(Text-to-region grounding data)
=== Section Start ===
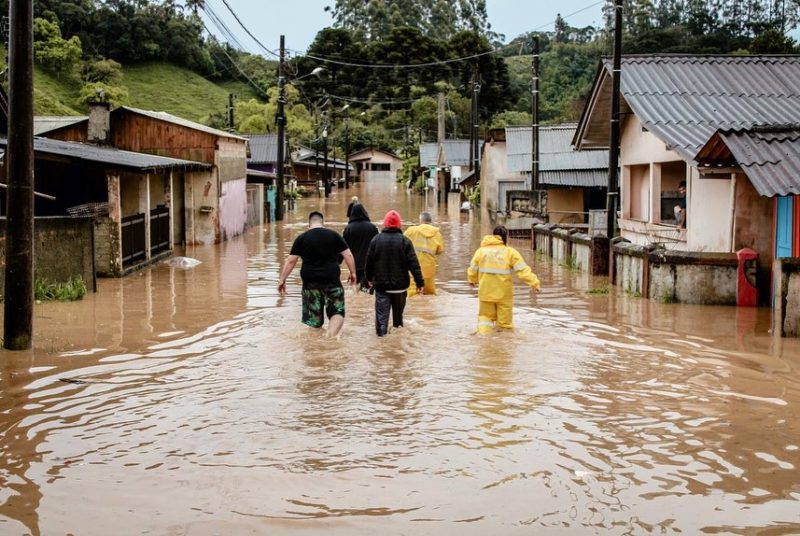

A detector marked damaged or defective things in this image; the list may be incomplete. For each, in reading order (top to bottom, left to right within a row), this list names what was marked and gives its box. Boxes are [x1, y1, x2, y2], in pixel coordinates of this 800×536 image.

rusty metal roof [576, 56, 800, 163]
rusty metal roof [0, 137, 211, 171]
rusty metal roof [247, 133, 284, 164]
rusty metal roof [506, 124, 608, 186]
rusty metal roof [692, 127, 800, 197]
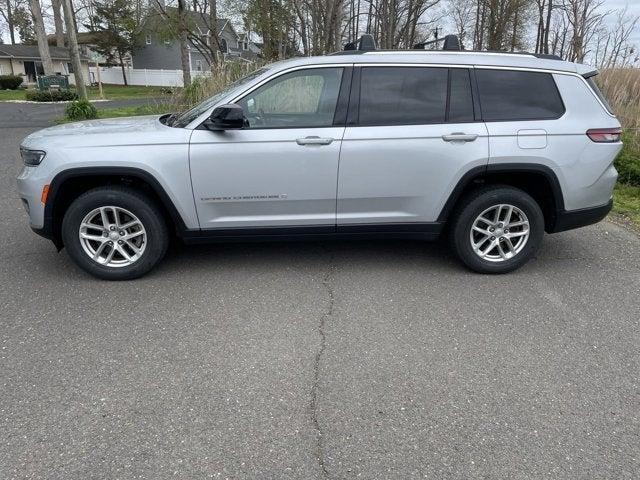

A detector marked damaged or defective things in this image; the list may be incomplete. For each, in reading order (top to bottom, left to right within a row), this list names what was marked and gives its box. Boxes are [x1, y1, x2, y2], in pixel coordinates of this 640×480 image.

cracked pavement [1, 110, 640, 478]
road crack [310, 248, 336, 480]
=== Section End ===
WHAT THE TASK REQUIRES.
From the first line to the last, write out the data above exactly. Omit the pictures.

RESPONSE TO THIS TASK.
A detector marked damaged or defective things in this image; the list may be incomplete. For each, in reading order (top to bottom, left to right within a row), this list names what was marked and gives its box. Boxes are [x1, y1, x2, y2], in pixel coordinates of this 800×536 image.

rusty metal roof [576, 56, 800, 163]
rusty metal roof [0, 137, 211, 171]
rusty metal roof [247, 133, 284, 164]
rusty metal roof [506, 124, 608, 186]
rusty metal roof [692, 127, 800, 197]

A detector marked damaged or defective things in this image; the list may be incomplete. For each, in reading order (top to bottom, left to right within a row), this list names what was marked and gives its box. Boxes are [x1, y1, x2, y2], in pixel coordinates of this 640×480 image.

cracked pavement [1, 110, 640, 478]
road crack [310, 248, 336, 480]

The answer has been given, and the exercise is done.